In [1]:
import sys
from itertools import count

import cv2
import gym_super_mario_bros
from gym.wrappers import Monitor
from gym_super_mario_bros.actions import SIMPLE_MOVEMENT, COMPLEX_MOVEMENT, RIGHT_ONLY
from nes_py.wrappers import JoypadSpace

import matplotlib.pyplot as plt
import numpy as np
import torch

from policy_agent import Agent
from wrappers import wrapper

In [2]:
# env settings
WORLD = 1
STAGE = 1
LEVEL_NAME = "SuperMarioBros-{}-{}-v0".format(WORLD, STAGE)
FRAME_DIM = (84, 84, 4)     # (120, 128, 4)  # original image size is 240x256
ACTION_SPACE = SIMPLE_MOVEMENT
RENDER_GAME = True
LOAD_MODEL = False
CHECKPOINT_INTERVAL = 100
MODEL_PATH = "./saved_models/policy_gradient_model_world1-1"  # to create a new model set it to ""

# training hyperparameters
TRAIN_MODEL = True
LEARNING_RATE = 0.000007
NUM_EPOCHS = 1_001
GAMMA = 0.99

LOG_INTERVAL = 1
PLOT_INTERVAL = 50
VIDEO_INTERVAL = 50

In [3]:
DEVICE = torch.device("cuda" if torch.cuda.is_available() else "cpu")
if torch.cuda.is_available():
    print(f"Available GPU: {torch.cuda.get_device_name(0)}")

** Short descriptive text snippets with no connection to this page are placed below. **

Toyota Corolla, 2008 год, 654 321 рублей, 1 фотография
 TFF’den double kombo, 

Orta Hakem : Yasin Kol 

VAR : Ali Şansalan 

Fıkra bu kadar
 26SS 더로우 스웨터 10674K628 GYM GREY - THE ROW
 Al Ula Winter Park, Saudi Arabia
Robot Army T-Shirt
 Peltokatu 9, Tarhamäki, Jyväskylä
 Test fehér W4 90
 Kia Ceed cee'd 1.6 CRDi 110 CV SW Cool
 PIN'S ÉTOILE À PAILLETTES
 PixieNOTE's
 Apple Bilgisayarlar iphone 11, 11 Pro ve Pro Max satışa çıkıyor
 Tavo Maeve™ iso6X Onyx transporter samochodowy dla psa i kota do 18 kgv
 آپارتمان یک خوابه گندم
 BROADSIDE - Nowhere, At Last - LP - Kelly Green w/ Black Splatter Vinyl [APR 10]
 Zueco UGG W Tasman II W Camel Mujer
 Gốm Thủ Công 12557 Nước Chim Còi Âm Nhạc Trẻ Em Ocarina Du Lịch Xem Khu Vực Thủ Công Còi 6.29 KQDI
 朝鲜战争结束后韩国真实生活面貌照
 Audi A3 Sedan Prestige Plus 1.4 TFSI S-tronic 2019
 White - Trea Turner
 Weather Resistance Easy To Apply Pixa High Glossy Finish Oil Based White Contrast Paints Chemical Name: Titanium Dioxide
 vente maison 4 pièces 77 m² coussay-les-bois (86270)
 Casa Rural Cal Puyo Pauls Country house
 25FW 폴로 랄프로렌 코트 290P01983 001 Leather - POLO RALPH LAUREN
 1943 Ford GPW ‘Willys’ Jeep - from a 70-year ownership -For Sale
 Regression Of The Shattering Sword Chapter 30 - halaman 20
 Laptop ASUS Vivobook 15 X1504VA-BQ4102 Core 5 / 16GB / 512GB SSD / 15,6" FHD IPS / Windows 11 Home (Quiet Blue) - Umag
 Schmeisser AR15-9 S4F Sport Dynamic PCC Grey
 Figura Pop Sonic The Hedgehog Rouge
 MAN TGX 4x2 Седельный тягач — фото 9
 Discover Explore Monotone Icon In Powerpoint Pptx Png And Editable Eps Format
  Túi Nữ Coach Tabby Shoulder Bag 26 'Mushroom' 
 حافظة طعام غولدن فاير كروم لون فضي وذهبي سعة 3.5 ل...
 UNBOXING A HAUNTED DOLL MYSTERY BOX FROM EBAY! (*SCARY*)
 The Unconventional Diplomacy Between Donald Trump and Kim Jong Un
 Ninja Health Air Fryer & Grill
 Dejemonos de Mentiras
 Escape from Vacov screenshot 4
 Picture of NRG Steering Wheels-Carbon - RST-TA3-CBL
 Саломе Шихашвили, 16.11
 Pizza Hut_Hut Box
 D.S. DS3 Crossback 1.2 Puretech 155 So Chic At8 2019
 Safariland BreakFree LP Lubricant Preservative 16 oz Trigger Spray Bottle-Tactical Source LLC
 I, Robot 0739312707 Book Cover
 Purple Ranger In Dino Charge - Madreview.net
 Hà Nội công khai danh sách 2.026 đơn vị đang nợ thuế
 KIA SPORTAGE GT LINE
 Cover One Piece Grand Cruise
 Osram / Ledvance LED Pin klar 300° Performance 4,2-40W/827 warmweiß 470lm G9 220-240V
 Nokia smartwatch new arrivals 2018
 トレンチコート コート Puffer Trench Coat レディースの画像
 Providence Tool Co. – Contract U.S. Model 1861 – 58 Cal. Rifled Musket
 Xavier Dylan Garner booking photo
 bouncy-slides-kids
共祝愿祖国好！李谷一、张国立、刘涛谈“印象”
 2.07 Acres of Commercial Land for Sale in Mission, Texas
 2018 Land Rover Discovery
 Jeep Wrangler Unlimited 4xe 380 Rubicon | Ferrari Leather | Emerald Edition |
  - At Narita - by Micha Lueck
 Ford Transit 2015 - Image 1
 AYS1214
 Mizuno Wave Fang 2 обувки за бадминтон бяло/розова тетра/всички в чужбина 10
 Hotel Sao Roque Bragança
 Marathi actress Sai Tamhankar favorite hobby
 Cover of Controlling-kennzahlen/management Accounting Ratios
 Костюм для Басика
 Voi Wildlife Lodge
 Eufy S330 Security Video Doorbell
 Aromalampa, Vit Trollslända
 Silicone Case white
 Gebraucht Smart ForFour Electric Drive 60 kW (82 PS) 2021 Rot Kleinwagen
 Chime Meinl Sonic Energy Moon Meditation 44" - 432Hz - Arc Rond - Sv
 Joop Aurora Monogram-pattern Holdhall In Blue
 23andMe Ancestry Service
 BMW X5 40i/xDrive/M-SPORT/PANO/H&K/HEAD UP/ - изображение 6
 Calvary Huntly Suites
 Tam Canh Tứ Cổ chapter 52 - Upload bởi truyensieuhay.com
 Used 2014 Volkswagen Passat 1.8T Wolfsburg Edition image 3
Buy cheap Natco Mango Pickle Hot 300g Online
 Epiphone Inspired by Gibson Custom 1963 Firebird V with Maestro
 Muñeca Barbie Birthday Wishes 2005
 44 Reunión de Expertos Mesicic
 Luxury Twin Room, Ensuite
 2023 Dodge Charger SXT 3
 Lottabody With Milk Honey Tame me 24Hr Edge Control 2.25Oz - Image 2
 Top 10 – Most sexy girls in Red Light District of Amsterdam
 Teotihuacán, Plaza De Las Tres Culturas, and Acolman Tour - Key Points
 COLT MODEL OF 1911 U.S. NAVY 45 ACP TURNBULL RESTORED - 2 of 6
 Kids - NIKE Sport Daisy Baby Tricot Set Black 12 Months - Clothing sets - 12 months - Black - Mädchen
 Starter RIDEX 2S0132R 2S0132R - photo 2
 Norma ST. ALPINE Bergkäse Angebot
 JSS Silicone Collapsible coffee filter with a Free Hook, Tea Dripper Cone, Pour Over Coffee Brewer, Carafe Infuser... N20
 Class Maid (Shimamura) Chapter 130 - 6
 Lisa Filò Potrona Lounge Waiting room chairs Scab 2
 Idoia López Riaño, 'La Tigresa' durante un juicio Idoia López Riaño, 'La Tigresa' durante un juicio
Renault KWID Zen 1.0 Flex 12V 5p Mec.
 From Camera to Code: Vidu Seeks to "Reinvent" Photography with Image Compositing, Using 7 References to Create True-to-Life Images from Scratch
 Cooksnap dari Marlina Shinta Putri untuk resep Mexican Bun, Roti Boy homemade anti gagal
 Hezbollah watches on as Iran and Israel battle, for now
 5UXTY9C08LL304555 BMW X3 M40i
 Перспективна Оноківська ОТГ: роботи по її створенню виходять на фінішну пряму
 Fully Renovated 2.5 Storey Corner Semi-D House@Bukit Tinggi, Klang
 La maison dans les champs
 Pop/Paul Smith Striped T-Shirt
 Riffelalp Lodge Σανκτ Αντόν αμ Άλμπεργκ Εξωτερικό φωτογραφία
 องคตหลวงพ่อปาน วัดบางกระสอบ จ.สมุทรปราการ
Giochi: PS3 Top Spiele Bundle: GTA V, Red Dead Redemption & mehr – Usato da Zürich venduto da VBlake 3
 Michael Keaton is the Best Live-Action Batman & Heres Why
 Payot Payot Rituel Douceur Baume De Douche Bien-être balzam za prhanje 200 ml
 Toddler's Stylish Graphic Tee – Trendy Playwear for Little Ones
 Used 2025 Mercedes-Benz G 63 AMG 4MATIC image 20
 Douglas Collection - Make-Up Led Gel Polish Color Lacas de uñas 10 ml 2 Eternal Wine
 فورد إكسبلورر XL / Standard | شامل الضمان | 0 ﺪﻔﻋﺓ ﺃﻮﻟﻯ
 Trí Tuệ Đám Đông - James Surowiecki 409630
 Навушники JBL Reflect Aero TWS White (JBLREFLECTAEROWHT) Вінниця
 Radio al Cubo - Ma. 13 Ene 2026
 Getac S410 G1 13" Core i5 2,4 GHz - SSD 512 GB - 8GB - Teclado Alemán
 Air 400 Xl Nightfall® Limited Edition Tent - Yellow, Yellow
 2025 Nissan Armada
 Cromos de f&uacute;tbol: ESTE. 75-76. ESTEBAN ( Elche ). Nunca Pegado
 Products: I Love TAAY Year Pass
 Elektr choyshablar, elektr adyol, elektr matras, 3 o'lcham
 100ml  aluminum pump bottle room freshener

Available GPU: GeForce GTX 1050 Ti with Max-Q Design


In [4]:
def create_environment():
    """Creates the environment, applies some wrappers and returns it."""
    tmp_env = gym_super_mario_bros.make(LEVEL_NAME)
    tmp_env = JoypadSpace(tmp_env, ACTION_SPACE)
    tmp_env = wrapper(tmp_env, FRAME_DIM)

    return tmp_env

In [5]:
def lazy_frame_to_tensor(lazy_frame):
    # pytorch expects the frames as height x width x depth
    return torch.from_numpy(
        np.expand_dims(np.asarray(lazy_frame).astype(np.float64).transpose((2, 1, 0)), axis=0)).float().to(DEVICE)


In [6]:
def plot_rewards(reward_list, reward_mean_history):
    plt.figure(figsize=(12,6))
    plt.plot(reward_list, "#b300ff", label = "Reward History")
    plt.plot(reward_mean_history, "#ff8c00", label = "Mean Reward History")
    plt.ylabel("Rewards", fontsize = 18)
    plt.xlabel("Episodes",fontsize = 18)
    plt.title("Reward Per Episode", fontsize = 18)
    plt.legend()
    plt.show()


In [7]:
def record_one_episode(agent, episode):
    tmp_env = gym_super_mario_bros.make(LEVEL_NAME)
    tmp_env = JoypadSpace(tmp_env, ACTION_SPACE)
    tmp_env = Monitor(tmp_env, './video/video-episode-{0:05d}'.format(episode), force=True)
    tmp_env = wrapper(tmp_env, FRAME_DIM)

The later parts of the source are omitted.